National Laboratory of Pattern Recognition, Institute of Automation, Chinese Academy of Sciences, Beijing 100190, China.
Key Laboratory for NeuroInformation of the Ministry of Education, School of Life Science and Technology, University of Electronic Science and Technology of China, Chengdu 625014, China.
CAS Center for Excellence in Brain Science, Institute of Automation, Chinese Academy of Sciences, Beijing 100190, China.
Queensland Brain Institute, University of Queensland, St. Lucia, Queensland 4072, Australia.

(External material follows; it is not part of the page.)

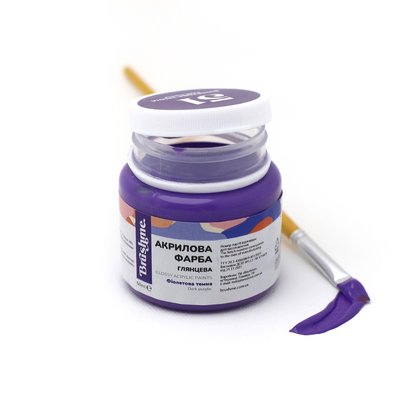 Художня глянсова акрилова фарба BrushMe колір "Фіолетова темна" 50 мл AP5051 фото 1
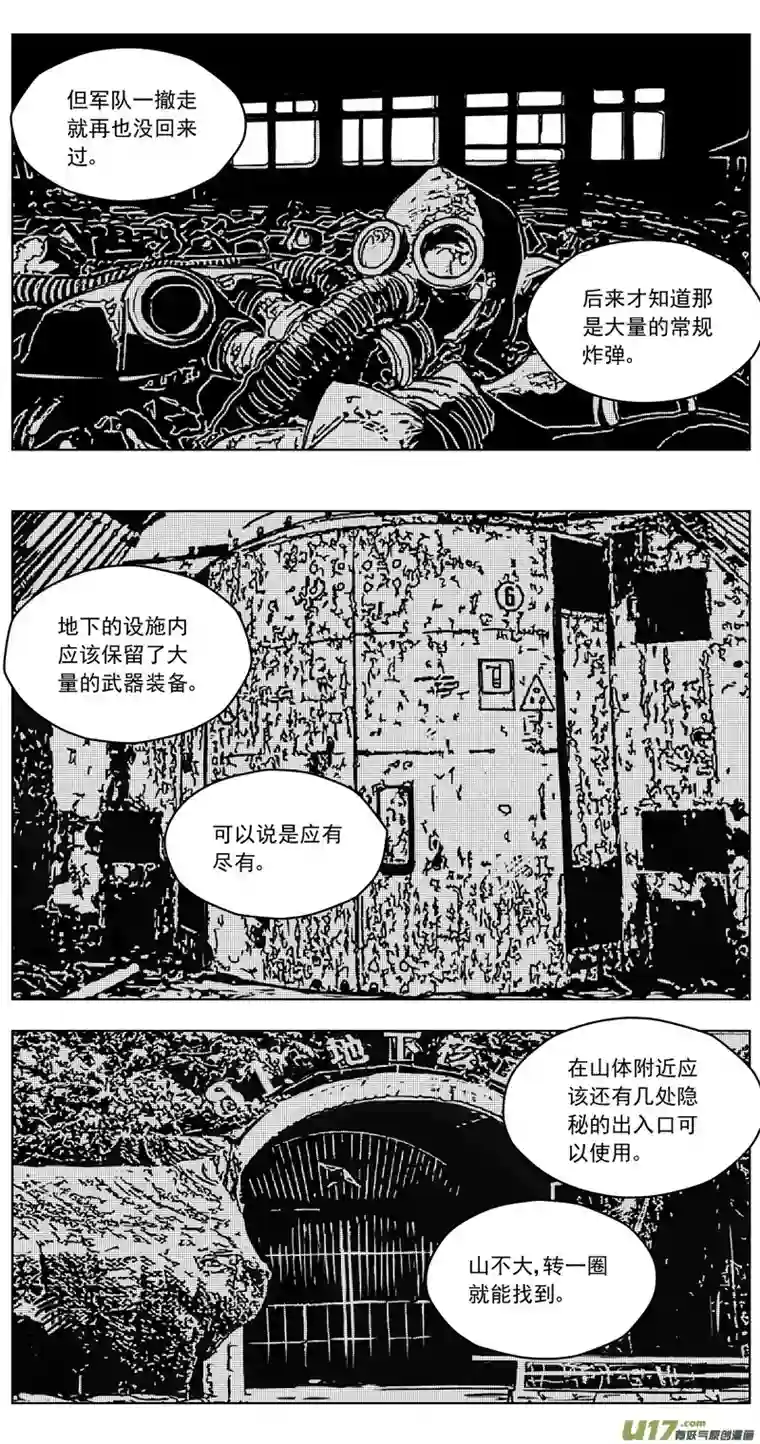 雏蜂255：第三部 85 新装备（其二）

A multimodal neuroimaging technique based on electroencephalography (EEG) and functional near-infrared spectroscopy (fNIRS) was used with horizontal hemifield visual stimuli with graded contrasts to investigate the retinotopic mapping more fully as well as to explore hemispheric differences in neuronal activity, the hemodynamic response, and the neurovascular coupling relationship in the visual cortex. The fNIRS results showed the expected activation over the contralateral hemisphere for both the left and right hemifield visual stimulations. However, the EEG results presented a paradoxical lateralization, with the maximal response located over the ipsilateral hemisphere but with the polarity inversed components located over the contralateral hemisphere. Our results suggest that the polarity inversion as well as the latency advantage over the contralateral hemisphere cause the amplitude of the VEP over the contralateral hemisphere to be smaller than that over the ipsilateral hemisphere. Both the neuronal and hemodynamic responses changed logarithmically with the level of contrast in the hemifield visual stimulations. Moreover, the amplitudes and latencies of the visual evoked potentials (VEPs) were linearly correlated with the hemodynamic responses despite differences in the slopes.